Australians feel very sentimental about damper. No-one actually eats it, but nevertheless it is held in great affection. It is a superb example of historic distance lending enchantment to the taste. Those sturdy bush folk who ate it because it was the only ‘bread’ possible in a blisteringly hot yeast-killing climate with no oven would, I am sure, have swapped the blackened tough mess for a slice of Wonder Bread quicker than you can say Where’s the Jolly Jumbuck. And while we are on the topic of sentiment, you know the old wonderful bush song about the dog that ‘sat on the tucker box, five miles from Gundagai’? Man’s faithful doggy friend guarding the food supplies? The dog they built a statue to? Well, I hate to destroy a lovely image, but I understand the original wording to the song was ‘the dog shat on the tucker-box’. Some best friend, that. But I digress.

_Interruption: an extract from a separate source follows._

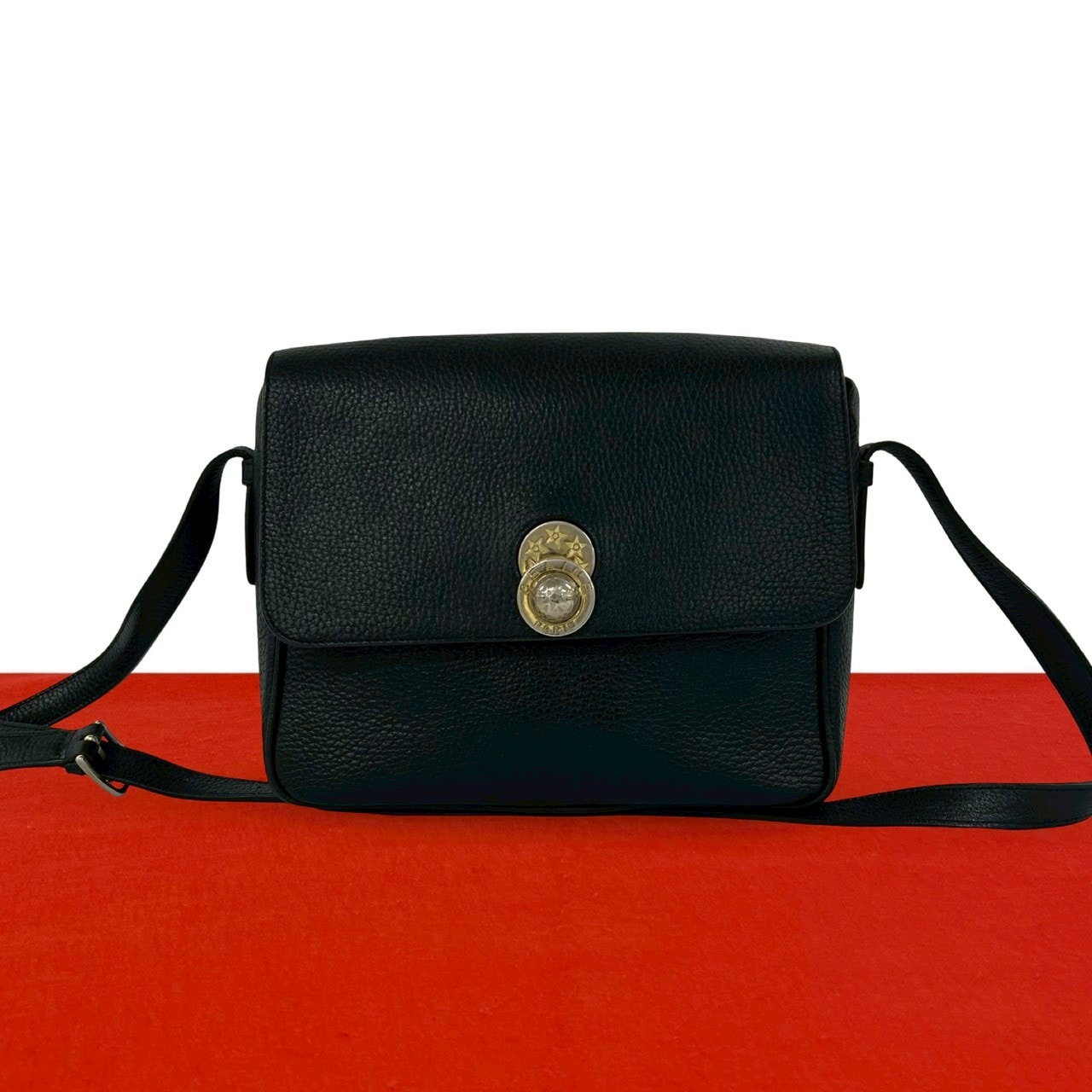 CELINE セリーヌ スターボール 金具 レザー ショルダーバッグ ブラック
195-6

Ellen Clacy joined her brother in the Victorian goldfields of 1852. Her description of the making of damper will serve as our recipe for the day:

‘A damper is the legitimate, and, in fact, only bread of the bush, and should be made solely of flour and water, well mixed and kneaded into a cake, as large as you like, but not more than two inches in thickness, and then placed among the hot ashes to bake. If well-made, it is very sweet and a good substitute for bread.’

A cake of flour and water, sans butter, sans eggs, sans milk, sans sultanas, sans everything. Fairly makes your mouth water, doesn’t it? Hunger, as they say, is the best seasoning of all.

On one particular day, there were problems at damper-making hour:

‘The rain had, however, spoiled our ashes, the dough would neither rise nor brown, so in despair we mixed a fresh batch of flour and water, and having fried some rashers of fat bacon till they were nearly melted, we poured the batter into the pan and let it fry till done. This impromptu dish gave general satisfaction and was pronounced a cross between a pancake and a heavy suet pudding.’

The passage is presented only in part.